Jacob Morel has been making images as long as he can remember. Growing up in a suburb south of Baltimore, it was drawing — he carried a pen and paper nearly everywhere — but about five years ago, drawing took a backseat and photography took over. He’d first learned how to develop and print in a seventh-grade shop class, a process he said “amazed” him. Before that, he occasionally used his parents’ camera. When they got the film back from the lab, he liked to sit and alternately look at the negatives and at their corresponding prints.
Yet Morel didn’t start to see photography as a serious hobby until late in high school. He took pictures with a compact digital camera to aid his drawing, but found himself paying more and more attention to the photographs rather than the drawings. He soon started entering and winning photography contests. When he was a senior, some of his pictures were displayed in the United States Capitol in Washington. A camera replaced the pen and paper.
Morel matriculated at the Maryland Institute College of Art (MICA). Upon entering, he declared his major in graphic design but kept an open mind, focusing on courses that taught universal principles of design. He also took photography courses, the first of which was Black & White I with Tom Baird in his first year, which proved to be a formative experience. Baird was an old veteran of the commercial and academic sides of photography, having taken commissions for Pan Am in the 1960s and taught with Ansel Adams at Berkeley. He seemed to know “everything there was to know about photography,” Morel said, “both in the analog world and digitally.”

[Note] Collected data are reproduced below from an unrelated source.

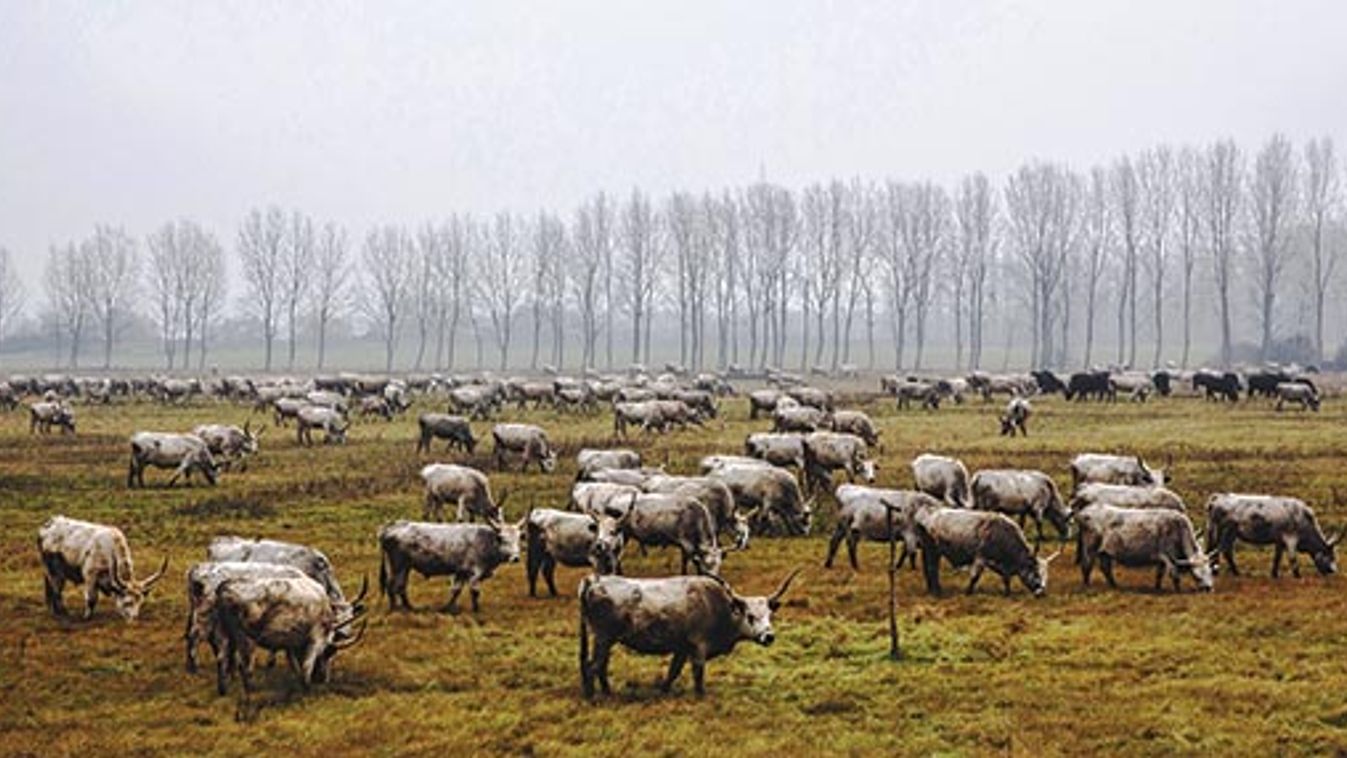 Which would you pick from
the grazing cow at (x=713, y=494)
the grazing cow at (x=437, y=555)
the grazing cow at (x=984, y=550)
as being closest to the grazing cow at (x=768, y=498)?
the grazing cow at (x=713, y=494)

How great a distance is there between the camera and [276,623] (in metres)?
12.2

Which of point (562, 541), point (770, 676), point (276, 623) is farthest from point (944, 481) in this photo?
point (276, 623)

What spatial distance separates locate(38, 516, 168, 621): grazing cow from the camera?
15711 millimetres

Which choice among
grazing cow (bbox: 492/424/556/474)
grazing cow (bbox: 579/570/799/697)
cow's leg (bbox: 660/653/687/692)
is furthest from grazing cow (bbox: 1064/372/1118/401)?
cow's leg (bbox: 660/653/687/692)

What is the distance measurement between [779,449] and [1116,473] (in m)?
7.88

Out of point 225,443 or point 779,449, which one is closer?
point 779,449

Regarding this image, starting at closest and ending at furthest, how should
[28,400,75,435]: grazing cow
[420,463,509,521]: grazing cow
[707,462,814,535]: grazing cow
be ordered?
[707,462,814,535]: grazing cow, [420,463,509,521]: grazing cow, [28,400,75,435]: grazing cow

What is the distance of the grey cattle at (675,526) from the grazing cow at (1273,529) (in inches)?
316

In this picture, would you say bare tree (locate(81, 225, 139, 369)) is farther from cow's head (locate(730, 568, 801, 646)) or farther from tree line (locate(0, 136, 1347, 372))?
cow's head (locate(730, 568, 801, 646))

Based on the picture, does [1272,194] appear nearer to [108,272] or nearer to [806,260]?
[806,260]

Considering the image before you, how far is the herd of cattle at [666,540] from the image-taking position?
489 inches

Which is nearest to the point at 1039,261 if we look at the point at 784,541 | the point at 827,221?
the point at 827,221

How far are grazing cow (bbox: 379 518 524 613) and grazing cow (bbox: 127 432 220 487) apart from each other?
1552 cm

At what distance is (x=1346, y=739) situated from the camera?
10.8 metres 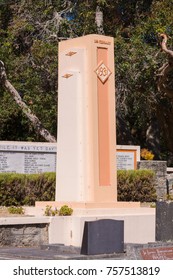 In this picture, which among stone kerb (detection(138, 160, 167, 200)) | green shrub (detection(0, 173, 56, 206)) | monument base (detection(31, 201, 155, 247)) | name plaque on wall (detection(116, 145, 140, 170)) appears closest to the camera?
monument base (detection(31, 201, 155, 247))

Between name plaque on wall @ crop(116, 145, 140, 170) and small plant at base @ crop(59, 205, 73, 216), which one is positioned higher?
name plaque on wall @ crop(116, 145, 140, 170)

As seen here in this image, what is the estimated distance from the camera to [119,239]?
44.5 feet

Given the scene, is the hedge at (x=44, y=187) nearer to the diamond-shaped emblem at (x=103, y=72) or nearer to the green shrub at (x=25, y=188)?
the green shrub at (x=25, y=188)

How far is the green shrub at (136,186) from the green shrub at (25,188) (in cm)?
242

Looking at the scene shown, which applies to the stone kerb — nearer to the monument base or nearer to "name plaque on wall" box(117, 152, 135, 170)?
"name plaque on wall" box(117, 152, 135, 170)

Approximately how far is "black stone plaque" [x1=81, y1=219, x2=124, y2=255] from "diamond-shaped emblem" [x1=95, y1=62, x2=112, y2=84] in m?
4.91

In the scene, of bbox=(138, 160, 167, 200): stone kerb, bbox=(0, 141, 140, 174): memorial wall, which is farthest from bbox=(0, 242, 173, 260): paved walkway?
bbox=(138, 160, 167, 200): stone kerb

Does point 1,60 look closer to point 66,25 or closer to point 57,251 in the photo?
point 66,25

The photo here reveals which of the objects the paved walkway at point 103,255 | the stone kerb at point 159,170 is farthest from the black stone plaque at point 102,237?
the stone kerb at point 159,170

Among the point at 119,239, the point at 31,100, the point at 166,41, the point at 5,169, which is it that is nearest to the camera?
the point at 119,239

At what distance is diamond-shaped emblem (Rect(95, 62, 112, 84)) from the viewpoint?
17438 mm

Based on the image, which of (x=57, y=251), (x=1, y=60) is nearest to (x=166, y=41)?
(x=1, y=60)

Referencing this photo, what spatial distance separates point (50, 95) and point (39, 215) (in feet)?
47.3

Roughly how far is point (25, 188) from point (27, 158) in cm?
260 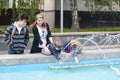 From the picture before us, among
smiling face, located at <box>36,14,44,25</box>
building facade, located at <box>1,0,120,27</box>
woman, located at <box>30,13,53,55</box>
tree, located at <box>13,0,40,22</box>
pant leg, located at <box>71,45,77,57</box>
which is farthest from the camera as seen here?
building facade, located at <box>1,0,120,27</box>

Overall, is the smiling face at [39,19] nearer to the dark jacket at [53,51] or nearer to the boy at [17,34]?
the boy at [17,34]

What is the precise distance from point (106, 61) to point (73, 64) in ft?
3.40

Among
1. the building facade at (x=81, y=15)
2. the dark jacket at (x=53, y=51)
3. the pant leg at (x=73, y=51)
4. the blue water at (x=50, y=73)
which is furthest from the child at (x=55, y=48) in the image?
the building facade at (x=81, y=15)

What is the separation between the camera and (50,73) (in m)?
7.88

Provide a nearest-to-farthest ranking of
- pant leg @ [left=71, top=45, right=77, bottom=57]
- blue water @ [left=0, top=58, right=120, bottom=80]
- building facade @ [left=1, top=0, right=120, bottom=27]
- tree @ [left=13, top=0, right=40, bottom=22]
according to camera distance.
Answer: blue water @ [left=0, top=58, right=120, bottom=80], pant leg @ [left=71, top=45, right=77, bottom=57], tree @ [left=13, top=0, right=40, bottom=22], building facade @ [left=1, top=0, right=120, bottom=27]

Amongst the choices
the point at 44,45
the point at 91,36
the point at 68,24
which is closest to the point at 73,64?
the point at 44,45

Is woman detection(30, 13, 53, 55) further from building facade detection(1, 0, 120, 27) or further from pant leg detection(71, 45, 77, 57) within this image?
→ building facade detection(1, 0, 120, 27)

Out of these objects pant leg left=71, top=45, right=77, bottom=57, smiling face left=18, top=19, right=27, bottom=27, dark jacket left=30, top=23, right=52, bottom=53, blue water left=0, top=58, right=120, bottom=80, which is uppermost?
smiling face left=18, top=19, right=27, bottom=27

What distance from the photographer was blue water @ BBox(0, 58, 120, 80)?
24.6ft

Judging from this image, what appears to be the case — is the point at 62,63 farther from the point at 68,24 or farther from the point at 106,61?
the point at 68,24

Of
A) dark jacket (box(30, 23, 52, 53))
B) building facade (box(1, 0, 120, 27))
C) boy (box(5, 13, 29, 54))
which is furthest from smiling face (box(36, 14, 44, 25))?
building facade (box(1, 0, 120, 27))

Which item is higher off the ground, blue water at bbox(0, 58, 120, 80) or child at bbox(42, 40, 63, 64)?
child at bbox(42, 40, 63, 64)

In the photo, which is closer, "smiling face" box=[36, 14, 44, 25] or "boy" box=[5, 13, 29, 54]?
"boy" box=[5, 13, 29, 54]

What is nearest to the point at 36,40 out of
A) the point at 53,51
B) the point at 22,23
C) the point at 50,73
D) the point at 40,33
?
the point at 40,33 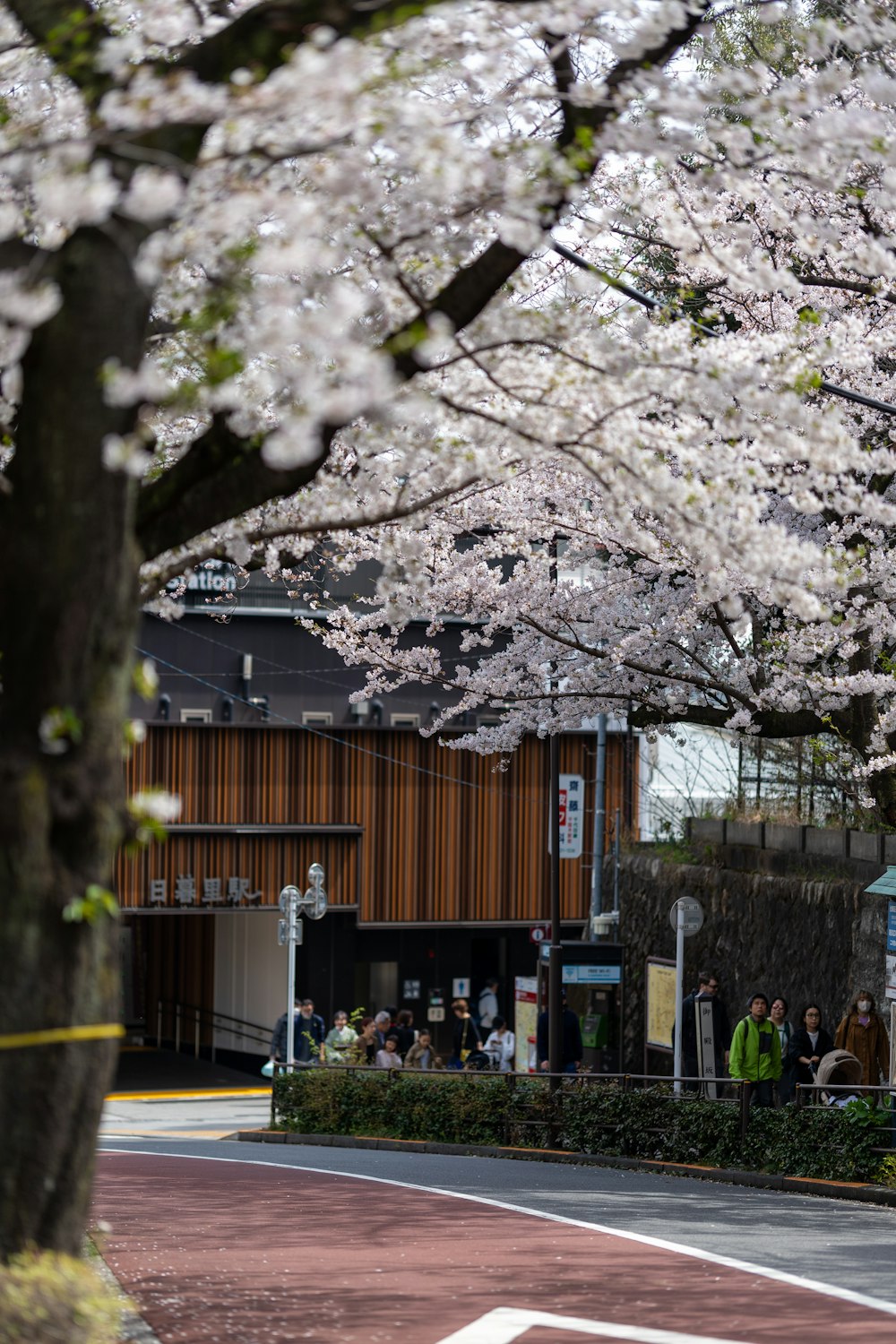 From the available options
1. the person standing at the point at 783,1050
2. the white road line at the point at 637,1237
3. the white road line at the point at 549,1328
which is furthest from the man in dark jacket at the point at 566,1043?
the white road line at the point at 549,1328

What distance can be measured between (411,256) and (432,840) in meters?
25.6

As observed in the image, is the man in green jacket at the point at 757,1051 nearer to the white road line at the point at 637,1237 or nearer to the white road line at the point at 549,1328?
the white road line at the point at 637,1237

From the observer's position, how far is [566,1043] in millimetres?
20031

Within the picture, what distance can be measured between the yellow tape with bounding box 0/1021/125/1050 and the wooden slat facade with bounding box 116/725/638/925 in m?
23.5

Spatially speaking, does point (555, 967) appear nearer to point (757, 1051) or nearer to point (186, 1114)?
point (757, 1051)

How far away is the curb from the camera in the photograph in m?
13.0

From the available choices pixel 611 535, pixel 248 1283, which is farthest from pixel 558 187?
pixel 611 535

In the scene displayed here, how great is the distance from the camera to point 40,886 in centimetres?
462

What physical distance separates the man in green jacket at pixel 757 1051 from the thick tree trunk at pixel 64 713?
1090cm

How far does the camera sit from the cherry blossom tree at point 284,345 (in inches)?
183

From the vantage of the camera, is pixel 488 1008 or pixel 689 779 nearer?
pixel 689 779

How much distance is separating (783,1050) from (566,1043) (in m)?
4.53

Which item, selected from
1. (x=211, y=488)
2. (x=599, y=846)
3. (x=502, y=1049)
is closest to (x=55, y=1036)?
(x=211, y=488)

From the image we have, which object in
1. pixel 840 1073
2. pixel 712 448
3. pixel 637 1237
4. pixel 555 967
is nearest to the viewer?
pixel 712 448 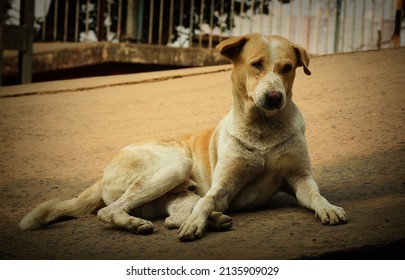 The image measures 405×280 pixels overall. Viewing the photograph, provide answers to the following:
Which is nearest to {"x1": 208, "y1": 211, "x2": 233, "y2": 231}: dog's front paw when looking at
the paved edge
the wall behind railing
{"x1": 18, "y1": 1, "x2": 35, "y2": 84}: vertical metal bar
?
the paved edge

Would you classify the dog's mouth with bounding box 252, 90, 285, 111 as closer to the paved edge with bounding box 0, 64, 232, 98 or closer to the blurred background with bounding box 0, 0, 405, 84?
the paved edge with bounding box 0, 64, 232, 98

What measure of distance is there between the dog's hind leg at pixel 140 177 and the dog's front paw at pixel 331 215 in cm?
93

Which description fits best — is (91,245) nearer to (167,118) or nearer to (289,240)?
(289,240)

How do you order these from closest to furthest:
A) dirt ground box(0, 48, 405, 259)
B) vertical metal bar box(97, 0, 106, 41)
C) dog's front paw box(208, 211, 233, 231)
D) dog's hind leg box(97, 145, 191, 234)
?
dirt ground box(0, 48, 405, 259) < dog's front paw box(208, 211, 233, 231) < dog's hind leg box(97, 145, 191, 234) < vertical metal bar box(97, 0, 106, 41)

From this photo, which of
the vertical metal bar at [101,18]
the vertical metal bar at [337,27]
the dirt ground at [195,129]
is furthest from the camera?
the vertical metal bar at [101,18]

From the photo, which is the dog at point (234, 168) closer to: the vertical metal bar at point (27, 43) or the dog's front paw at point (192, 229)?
the dog's front paw at point (192, 229)

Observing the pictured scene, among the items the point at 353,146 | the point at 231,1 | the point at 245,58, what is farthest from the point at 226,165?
the point at 231,1

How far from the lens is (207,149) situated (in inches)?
155

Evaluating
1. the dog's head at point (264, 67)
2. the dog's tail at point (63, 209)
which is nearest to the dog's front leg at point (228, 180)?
the dog's head at point (264, 67)

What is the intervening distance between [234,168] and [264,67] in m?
0.60

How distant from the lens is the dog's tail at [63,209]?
12.0 ft

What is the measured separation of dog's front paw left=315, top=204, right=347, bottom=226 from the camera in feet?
10.2

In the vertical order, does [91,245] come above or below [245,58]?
below

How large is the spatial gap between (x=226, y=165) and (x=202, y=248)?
2.38ft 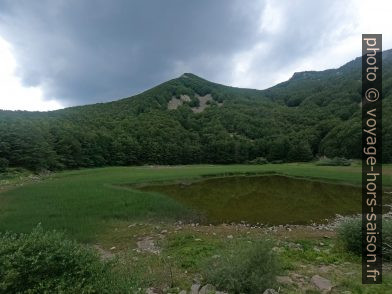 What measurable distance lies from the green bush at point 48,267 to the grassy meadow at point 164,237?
696 millimetres

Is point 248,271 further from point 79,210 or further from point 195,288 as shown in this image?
point 79,210

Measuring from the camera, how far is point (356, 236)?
10391 mm

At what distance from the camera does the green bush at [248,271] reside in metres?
7.03

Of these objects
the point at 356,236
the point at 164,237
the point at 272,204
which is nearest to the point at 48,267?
the point at 164,237

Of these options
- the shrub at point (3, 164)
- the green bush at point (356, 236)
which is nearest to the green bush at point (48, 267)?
the green bush at point (356, 236)

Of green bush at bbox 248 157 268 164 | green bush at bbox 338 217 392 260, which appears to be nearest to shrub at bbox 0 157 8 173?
green bush at bbox 338 217 392 260

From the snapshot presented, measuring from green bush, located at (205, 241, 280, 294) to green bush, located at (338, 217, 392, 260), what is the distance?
14.2ft

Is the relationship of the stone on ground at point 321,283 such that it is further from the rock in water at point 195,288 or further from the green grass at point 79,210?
the green grass at point 79,210

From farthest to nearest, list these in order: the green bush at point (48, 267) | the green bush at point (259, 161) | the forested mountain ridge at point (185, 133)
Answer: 1. the green bush at point (259, 161)
2. the forested mountain ridge at point (185, 133)
3. the green bush at point (48, 267)

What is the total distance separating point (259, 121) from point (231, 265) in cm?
15749

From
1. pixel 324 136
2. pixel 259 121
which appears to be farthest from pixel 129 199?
pixel 259 121

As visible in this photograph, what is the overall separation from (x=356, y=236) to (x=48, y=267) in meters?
9.75

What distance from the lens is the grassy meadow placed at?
26.9 feet

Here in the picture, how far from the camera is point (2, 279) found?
16.2 ft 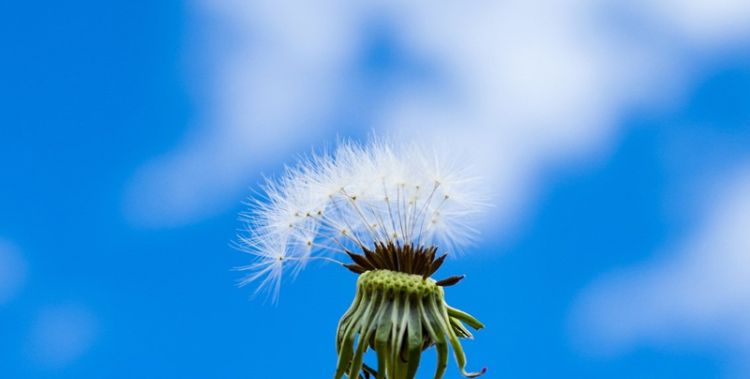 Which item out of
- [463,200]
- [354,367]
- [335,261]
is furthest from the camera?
[463,200]

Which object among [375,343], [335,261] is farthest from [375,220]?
[375,343]

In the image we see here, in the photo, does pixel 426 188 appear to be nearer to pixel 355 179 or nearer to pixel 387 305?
pixel 355 179

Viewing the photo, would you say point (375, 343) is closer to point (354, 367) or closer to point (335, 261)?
point (354, 367)

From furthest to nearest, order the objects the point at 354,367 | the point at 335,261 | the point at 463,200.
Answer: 1. the point at 463,200
2. the point at 335,261
3. the point at 354,367

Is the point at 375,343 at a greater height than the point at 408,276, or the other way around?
the point at 408,276

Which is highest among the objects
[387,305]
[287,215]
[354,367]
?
[287,215]

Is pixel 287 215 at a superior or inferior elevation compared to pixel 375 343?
superior

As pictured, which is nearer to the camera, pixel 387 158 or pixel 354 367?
pixel 354 367

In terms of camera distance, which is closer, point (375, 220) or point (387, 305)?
point (387, 305)

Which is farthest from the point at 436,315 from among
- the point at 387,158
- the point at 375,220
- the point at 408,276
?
the point at 387,158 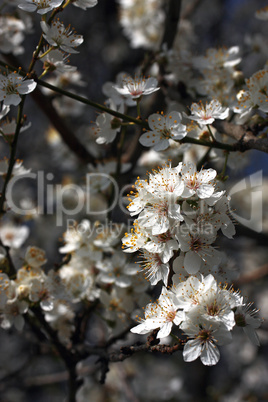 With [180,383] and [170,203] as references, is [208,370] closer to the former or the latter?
[180,383]

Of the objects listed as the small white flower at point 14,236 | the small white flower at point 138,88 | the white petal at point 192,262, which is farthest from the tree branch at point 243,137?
the small white flower at point 14,236

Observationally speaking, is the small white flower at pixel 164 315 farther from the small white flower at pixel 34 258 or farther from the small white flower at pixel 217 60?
the small white flower at pixel 217 60

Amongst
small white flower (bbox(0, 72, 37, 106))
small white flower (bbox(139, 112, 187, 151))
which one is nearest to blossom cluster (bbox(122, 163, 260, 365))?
small white flower (bbox(139, 112, 187, 151))

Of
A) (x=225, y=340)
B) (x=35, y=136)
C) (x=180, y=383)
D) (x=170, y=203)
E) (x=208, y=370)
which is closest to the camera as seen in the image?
(x=225, y=340)

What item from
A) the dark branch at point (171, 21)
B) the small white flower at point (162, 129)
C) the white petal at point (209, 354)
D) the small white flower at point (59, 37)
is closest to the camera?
the white petal at point (209, 354)

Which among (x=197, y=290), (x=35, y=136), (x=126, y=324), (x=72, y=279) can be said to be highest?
(x=197, y=290)

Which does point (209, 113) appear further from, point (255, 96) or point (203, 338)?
point (203, 338)

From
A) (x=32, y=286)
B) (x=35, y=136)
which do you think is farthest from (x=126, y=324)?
(x=35, y=136)

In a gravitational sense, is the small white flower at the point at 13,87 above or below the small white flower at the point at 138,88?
above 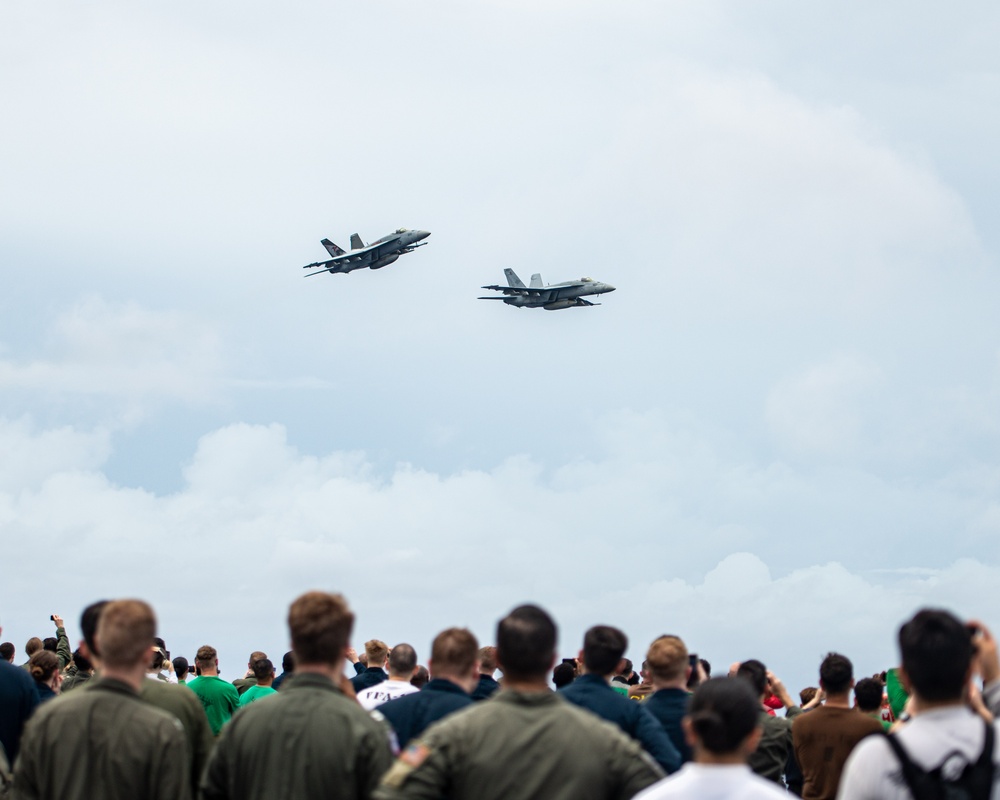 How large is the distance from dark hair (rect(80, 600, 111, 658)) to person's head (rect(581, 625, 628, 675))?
2.97m

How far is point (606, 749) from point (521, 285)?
207ft

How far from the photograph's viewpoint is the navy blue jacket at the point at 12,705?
29.8 ft

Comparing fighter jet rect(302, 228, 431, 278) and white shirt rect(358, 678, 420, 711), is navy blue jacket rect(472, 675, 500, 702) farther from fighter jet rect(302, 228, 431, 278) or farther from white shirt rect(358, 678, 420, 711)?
fighter jet rect(302, 228, 431, 278)

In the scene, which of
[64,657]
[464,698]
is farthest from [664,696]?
[64,657]

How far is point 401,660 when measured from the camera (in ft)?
32.3

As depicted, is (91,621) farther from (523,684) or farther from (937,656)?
(937,656)

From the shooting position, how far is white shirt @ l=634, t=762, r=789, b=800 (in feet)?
15.0

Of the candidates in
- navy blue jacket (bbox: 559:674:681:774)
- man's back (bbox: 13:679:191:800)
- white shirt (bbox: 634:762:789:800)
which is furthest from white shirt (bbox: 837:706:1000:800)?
man's back (bbox: 13:679:191:800)

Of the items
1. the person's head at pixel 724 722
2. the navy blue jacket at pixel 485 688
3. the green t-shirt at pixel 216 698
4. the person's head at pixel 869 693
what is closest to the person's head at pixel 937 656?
the person's head at pixel 724 722

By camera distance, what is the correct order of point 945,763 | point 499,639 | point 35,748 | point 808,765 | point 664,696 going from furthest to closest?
point 808,765 < point 664,696 < point 35,748 < point 499,639 < point 945,763

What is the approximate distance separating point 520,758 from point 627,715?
7.64ft

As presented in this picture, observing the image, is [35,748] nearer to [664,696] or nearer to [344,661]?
[344,661]

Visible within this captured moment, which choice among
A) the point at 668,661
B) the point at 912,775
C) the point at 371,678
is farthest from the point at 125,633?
the point at 371,678

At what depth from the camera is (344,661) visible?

In that same year, Morel’s girlfriend gave him the Yashica twin-lens reflex he uses today. Though he never abandoned digital, he fell in love with film for its verisimilitude. “The wide latitude I was able to obtain in a single exposure was a different level I hadn’t ever been with my work,” he wrote. “When shooting film, I had every detail I wanted in the brightest of my highlights and in the darkest of my shadows.” He prefers Fujifilm’s Provia 100F slide film today, partly for personal reasons: he is red-green, blue-purple, and yellow-green colorblind, which makes color-correcting film scans especially difficult. With slides, which display a positive image and don’t have negative film’s orange cast, Morel is able to see what the final corrected scan should look like simply by looking at the film, and consequently spends much less time in post.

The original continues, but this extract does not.